The man who is brutally beaten and robbed is on a path. He knows where he’s going – from Jerusalem to Jericho. There’s a Pastor who is on a similar journey too. He quickly assesses the sutuation. He determines that it will be more expedient to take a slight detour on the path in order that he can continue on his journey rather than pause and fulfill a practical aspect of his vocation. This speaks to moral fall, but that’s a whole other post. So too a Worship Leader, possibly following the Pastor, makes a similar choice (again, for another time).

The Samaritan, the cultural and religious enemy of the man that is dying on the side of the road, is traveling somewhere too. Yet, his response is vastly different to those that have come before him. His response is one of deep mercy and compassion.

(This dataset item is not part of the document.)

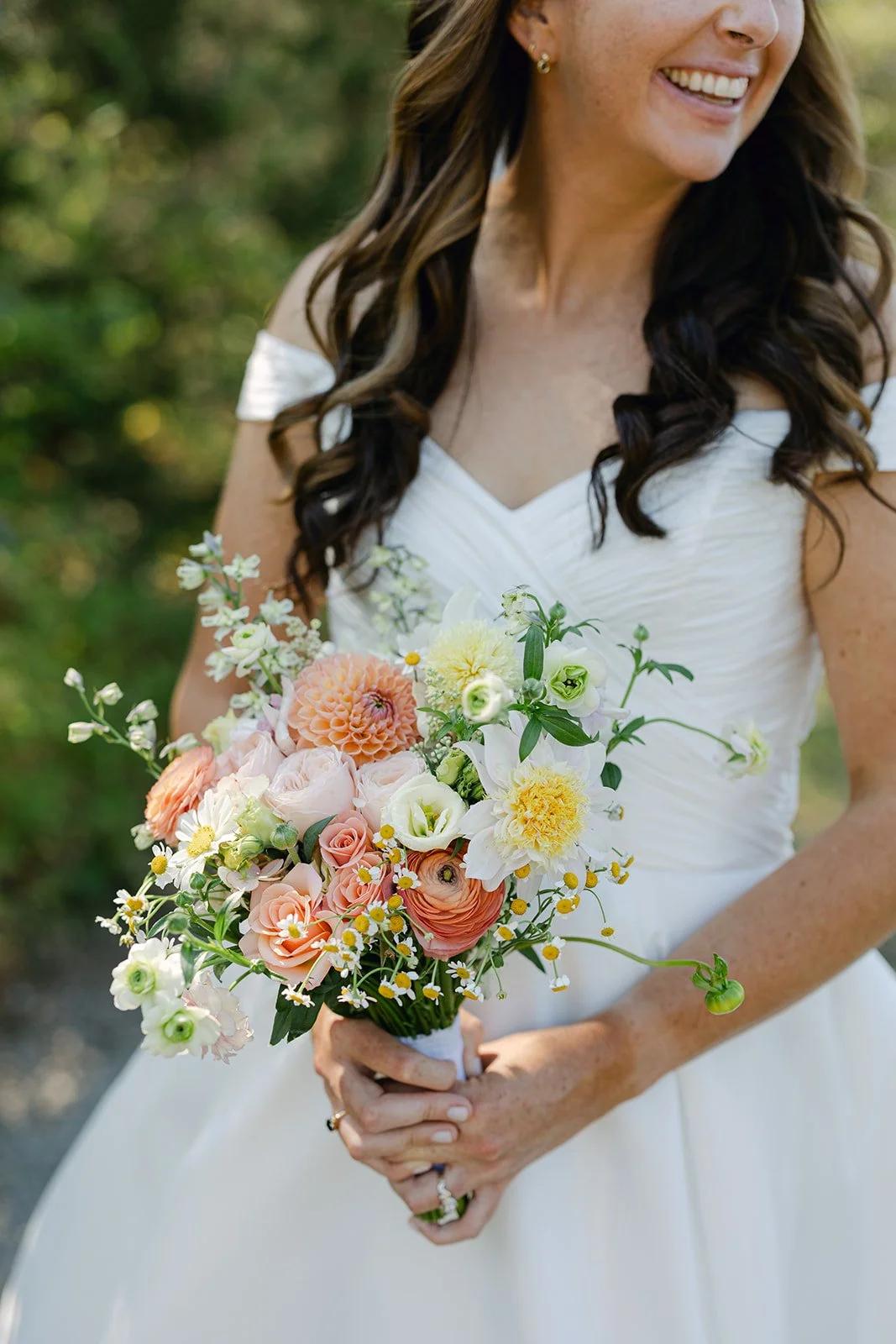FirstLook_CatherineWes_CapeCodPrivateHomeWedding_SamBrooksPhotos-69.jpg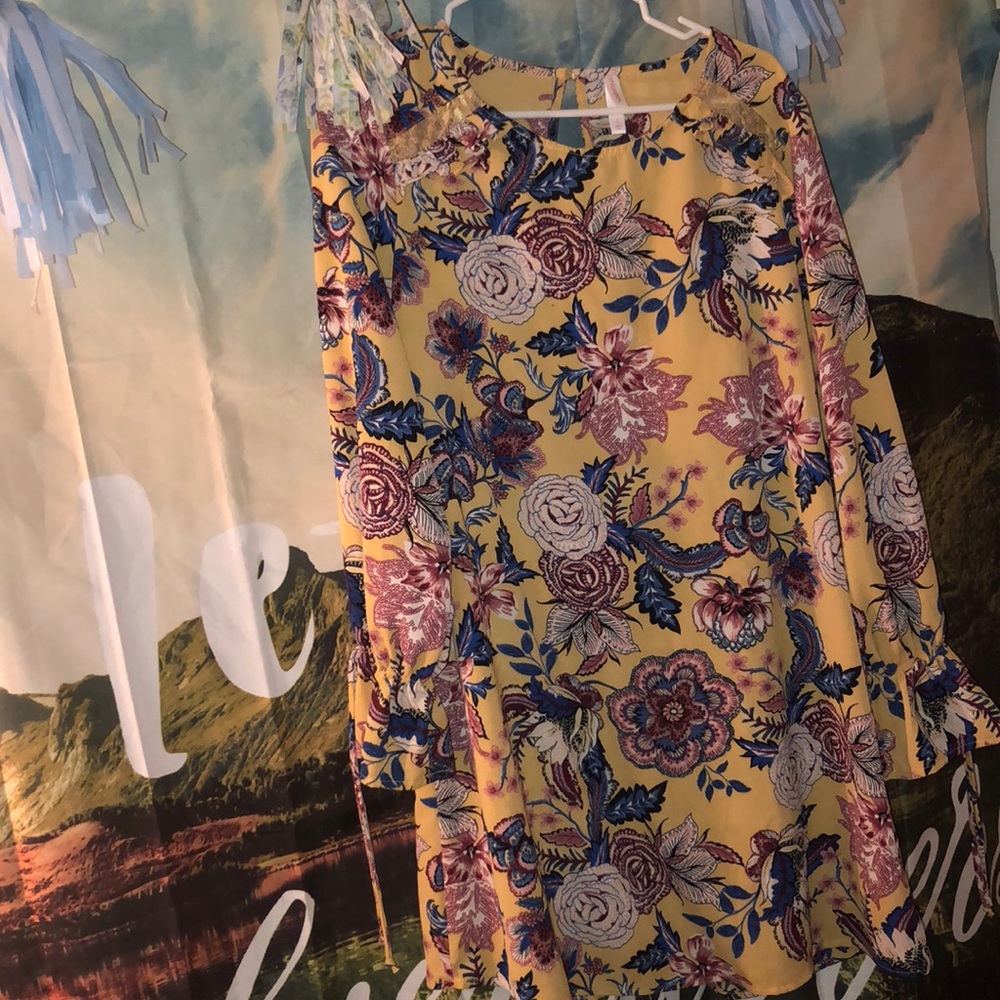 NWOT flowy floral dress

He doesn’t know this man, but he knows this man is his enemy. His entire upbringing and lived experience tells him that. The man lying before him, half dead, thinks his people are dogs. He should pause only to spit on him and keep walking. Instead, he is filled with mercy and compassion and this mercy and compassion causes him to respond in love.

His detour is not one of expedience, his detour is one of unexpected kindness and undeserved love.

Ponder this for a moment.

Are there small detours of opportunity that you can make each day, driven by mercy and compassion, that would outwork in unexpected kindness and undeserved love?

What would that look like? Whose life might that impact? What good could that bring?

This is my personal challenge. To be willing and available to take little detours in my day, pauses along the side of the road, that may seem inconvenient to me but may just save someone’s life.

Rather than “if you can’t be with the one you love, love the one you’re with” I should really be singing… “because of the one you love (Jesus, who loved you first and who goes with you), love the one you’re with (knowing that He will make straight your path)”

Probably a bit wordy and less popular, but far closer to the truth.

What about you? Care to join me?

Oh LORD! Should I ever weep for lost opportunity may it be more for failing to pause long enough to demonstrate unexpected kindness in someone’s life and less for failing to prepare enough to take the next corner or reach my destination in time.

AMEN

4 Comments

  • Glen says:

    Aleem

    Another thoughtful post that brings the FIRE of God’s conviction to all who read/ listen

    I must say that I totally understand what you say – seeing the doors and the vision and forgetting the journey to those doors and the vision. One of the hardest challenges I work through all the time is being present. There is so much competing communication pushing into my daily life – good and really good! – but all competing. To just stop and be present seems so easy to say, and yet so hard to actually live…. And yet Jesus shows us time and time again that He took the time daily to step aside and communicate with the Source of His love, so he could see all the little daily ‘interruptions’ as HUGE opportunities!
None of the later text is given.